James Joyce and the Adriatic

Our first encounter was in Trieste. Back in the days of empire this city port belonged to the Habsburgs and later became the southern pin of the iron curtain. Most of the surrounding coastal towns are Venetian in character, with tall campanile towers and arched loggias. Trieste has greater subtlety, atypical of Italian cities; a kind of Vienna-on-Sea. It's graceful rather than attractive, the squares floored with Carrera marble and behind the imposing civic buildings sits a crumbling medieval quarter built across Roman foundations.

One hundred years ago, in strode the young James Joyce. He was newly married with a degree in Latin and keen to take what we now call a gap-year, teaching English abroad. The year away eventually stretched to an on-off decade in this pretty corner of Europe. It was here, among the cafes and piazzas that he wrote Portrait of the Artist as a Young Man and large chunks of The Dubliners.

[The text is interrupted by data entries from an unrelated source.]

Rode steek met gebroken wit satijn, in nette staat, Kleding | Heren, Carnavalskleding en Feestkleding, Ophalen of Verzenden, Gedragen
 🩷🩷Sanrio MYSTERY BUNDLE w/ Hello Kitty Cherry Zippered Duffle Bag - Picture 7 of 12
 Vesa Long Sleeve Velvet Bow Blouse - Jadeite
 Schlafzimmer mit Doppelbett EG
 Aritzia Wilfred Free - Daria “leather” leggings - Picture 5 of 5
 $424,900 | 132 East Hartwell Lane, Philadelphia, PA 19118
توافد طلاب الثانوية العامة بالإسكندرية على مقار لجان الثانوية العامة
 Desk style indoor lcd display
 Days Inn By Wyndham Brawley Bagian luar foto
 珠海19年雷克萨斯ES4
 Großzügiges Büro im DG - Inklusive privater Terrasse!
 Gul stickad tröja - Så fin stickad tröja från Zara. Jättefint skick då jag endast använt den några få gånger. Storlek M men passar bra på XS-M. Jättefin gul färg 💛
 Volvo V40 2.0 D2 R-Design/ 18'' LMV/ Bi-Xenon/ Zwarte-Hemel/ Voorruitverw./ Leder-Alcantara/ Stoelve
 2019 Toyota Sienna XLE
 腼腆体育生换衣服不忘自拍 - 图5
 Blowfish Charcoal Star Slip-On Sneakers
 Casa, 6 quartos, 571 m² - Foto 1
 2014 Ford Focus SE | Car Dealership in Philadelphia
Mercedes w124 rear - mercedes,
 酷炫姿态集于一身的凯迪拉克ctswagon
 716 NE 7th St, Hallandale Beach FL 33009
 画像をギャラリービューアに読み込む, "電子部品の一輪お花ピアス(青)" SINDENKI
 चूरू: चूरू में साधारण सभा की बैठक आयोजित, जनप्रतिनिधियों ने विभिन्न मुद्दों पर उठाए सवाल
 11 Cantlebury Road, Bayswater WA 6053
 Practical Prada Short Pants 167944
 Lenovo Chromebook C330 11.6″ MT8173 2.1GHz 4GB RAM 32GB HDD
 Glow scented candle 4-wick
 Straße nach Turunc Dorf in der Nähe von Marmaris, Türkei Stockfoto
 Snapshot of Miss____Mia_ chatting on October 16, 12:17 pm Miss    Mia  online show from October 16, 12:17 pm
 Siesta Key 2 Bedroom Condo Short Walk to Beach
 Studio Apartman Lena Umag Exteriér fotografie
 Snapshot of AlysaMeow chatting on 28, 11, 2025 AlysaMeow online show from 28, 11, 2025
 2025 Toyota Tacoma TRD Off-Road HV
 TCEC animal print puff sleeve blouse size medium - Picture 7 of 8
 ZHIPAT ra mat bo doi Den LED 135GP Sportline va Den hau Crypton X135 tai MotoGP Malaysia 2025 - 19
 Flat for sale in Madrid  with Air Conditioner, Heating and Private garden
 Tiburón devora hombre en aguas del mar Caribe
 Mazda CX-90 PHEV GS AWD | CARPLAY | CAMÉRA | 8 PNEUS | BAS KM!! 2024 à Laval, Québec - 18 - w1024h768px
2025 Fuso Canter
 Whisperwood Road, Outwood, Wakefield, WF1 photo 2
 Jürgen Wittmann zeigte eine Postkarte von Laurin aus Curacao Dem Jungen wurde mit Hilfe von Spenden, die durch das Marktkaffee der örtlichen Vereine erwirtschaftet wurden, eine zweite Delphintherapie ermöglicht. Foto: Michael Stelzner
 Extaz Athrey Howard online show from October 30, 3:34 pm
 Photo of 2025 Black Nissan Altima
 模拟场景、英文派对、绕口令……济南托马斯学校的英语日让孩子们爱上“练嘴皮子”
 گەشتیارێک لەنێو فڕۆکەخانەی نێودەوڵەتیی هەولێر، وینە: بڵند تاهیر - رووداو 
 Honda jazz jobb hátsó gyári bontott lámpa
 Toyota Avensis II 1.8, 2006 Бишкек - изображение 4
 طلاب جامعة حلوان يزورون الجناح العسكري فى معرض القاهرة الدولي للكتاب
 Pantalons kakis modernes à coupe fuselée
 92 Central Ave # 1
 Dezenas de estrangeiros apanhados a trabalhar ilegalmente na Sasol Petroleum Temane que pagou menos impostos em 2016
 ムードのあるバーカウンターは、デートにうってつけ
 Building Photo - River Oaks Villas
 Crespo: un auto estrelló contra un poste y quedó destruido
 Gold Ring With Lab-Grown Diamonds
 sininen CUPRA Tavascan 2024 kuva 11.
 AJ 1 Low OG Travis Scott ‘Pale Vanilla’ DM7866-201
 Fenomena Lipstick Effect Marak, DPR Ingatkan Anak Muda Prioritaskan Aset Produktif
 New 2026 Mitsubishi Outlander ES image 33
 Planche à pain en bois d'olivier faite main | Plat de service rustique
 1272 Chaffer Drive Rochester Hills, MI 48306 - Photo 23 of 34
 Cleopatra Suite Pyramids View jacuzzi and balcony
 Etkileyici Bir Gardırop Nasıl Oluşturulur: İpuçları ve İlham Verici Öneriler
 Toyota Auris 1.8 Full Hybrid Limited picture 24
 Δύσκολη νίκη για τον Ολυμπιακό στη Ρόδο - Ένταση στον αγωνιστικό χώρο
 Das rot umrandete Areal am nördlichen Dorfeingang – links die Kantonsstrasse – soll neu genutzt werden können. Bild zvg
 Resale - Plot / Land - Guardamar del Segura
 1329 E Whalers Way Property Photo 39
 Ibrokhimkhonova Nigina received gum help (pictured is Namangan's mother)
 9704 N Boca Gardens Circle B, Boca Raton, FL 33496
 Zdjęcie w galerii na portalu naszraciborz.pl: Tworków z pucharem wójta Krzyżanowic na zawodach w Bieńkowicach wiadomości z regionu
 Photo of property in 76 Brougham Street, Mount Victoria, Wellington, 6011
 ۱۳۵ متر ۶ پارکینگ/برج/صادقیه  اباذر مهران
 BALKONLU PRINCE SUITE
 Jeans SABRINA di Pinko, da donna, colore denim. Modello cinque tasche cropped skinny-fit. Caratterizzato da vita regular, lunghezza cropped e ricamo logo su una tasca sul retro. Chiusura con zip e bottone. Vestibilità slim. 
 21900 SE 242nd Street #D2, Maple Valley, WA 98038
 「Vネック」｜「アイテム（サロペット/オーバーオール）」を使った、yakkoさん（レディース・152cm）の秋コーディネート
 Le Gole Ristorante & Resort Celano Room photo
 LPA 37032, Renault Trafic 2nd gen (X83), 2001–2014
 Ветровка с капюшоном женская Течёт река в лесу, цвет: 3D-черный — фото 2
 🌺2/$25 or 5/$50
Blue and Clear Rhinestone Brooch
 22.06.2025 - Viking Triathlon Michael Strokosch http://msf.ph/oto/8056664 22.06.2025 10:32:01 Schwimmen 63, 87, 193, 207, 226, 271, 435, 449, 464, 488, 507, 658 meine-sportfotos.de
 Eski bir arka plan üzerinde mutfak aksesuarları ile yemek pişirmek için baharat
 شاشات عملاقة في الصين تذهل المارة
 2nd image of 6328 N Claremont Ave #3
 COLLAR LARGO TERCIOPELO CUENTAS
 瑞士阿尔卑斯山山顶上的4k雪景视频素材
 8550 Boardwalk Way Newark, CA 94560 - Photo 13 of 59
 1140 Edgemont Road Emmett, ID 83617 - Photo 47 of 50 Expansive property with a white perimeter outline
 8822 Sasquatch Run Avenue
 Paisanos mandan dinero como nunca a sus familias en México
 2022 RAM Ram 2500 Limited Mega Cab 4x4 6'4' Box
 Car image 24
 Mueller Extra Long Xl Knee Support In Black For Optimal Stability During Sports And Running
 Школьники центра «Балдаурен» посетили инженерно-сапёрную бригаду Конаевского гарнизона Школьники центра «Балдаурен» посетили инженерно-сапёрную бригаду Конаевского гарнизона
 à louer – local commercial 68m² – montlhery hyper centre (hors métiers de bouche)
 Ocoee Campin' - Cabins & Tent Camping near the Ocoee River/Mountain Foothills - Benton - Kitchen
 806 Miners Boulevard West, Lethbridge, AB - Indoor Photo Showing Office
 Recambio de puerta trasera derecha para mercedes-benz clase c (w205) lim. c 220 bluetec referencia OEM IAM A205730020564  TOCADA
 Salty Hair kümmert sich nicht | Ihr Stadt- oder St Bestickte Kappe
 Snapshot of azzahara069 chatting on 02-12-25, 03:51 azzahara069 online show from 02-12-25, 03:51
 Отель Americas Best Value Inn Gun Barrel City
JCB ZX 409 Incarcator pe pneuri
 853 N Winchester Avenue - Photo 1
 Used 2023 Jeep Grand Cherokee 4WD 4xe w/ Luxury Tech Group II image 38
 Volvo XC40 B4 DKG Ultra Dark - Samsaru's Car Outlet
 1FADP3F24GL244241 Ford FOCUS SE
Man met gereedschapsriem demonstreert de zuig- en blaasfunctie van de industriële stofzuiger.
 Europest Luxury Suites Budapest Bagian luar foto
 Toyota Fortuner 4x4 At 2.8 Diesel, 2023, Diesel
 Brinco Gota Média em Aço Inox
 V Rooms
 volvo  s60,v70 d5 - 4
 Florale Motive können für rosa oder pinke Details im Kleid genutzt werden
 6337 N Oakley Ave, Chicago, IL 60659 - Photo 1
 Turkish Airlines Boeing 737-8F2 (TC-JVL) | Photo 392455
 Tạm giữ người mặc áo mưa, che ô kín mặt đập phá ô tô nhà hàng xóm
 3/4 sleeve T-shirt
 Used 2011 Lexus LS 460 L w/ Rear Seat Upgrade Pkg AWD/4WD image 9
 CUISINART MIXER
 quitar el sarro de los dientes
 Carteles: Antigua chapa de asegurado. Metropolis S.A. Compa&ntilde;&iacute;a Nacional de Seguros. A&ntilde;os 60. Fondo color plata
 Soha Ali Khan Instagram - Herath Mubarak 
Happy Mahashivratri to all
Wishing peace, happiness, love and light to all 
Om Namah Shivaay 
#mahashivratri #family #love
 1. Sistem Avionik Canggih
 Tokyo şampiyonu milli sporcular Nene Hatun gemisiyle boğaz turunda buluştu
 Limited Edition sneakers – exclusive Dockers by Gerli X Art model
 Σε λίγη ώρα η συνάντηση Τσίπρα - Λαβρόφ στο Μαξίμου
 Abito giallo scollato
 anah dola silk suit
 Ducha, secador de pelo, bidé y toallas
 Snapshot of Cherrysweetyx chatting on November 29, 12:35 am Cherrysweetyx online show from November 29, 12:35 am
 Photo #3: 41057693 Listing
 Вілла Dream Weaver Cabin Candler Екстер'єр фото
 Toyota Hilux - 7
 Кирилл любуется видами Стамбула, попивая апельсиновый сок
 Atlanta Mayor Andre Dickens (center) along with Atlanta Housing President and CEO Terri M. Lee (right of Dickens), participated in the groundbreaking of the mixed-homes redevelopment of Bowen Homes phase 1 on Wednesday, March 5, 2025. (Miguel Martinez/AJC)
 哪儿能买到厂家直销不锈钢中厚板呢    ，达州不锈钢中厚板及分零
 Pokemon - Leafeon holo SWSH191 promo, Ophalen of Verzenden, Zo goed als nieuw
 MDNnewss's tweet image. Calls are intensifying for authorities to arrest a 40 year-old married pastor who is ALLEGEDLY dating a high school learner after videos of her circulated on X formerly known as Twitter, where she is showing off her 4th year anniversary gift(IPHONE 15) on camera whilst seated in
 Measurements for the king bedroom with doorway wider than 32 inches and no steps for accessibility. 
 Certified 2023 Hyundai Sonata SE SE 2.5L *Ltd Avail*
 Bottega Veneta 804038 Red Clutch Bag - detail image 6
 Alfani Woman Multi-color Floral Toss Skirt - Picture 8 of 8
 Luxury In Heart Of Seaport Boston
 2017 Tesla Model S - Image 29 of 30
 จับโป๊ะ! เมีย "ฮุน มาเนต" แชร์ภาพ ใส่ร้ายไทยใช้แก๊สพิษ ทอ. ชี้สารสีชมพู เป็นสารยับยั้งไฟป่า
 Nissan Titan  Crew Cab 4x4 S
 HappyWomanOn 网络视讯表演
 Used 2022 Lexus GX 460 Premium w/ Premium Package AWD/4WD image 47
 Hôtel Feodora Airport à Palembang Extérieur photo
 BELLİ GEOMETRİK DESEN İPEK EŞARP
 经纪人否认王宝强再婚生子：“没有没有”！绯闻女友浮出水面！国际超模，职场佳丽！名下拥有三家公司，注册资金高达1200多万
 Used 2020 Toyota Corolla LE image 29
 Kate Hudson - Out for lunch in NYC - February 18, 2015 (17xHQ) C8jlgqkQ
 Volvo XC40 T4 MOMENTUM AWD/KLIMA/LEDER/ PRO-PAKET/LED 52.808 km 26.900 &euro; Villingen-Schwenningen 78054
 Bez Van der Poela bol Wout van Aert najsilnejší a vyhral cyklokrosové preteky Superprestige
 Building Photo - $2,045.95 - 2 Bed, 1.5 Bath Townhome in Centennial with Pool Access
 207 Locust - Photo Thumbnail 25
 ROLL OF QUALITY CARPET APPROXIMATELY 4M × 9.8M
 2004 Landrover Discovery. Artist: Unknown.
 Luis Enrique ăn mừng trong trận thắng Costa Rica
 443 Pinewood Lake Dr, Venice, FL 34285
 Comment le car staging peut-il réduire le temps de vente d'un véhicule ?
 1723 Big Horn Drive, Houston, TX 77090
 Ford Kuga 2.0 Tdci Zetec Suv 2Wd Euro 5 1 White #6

A bronze statue of Joyce stands by the Grand Canal in Trieste. He looks in a hurry, with a book tucked tightly under his arm. The sculpture is lifesize and in the bustle of a passegiate, he merges with the crowd, head down, thoughts of literary genius on his mind no doubt. After that he seemed to follow us everywhere. At the Hotel James Joyce with its traces of the 18th century and Italian copies of Finnegans Wake in reception, we drank cheap fiery grappa and awoke with headaches.

In Pula, around the coast in Croatia, we bumped into him again. This time he sat outside a cafe (Cafe Ulysses inevitably) legs crossed, enjoying the April sun. Joyce taught English here, but showed little affection for the town. Pula has beautifully preserved Roman temples and a colossal amphitheatre and now celebrates a writer immune to its charms.

He returned to Trieste with the germ of a Homeric idea and tapped out early chapters of Ulysses. This most Dublin of novels evolved so many miles away from its backdrop. He wrote to his wife calling Trieste “the city which has sheltered us” and a century on, with its statues and plaques and literary trails, it shelters him still.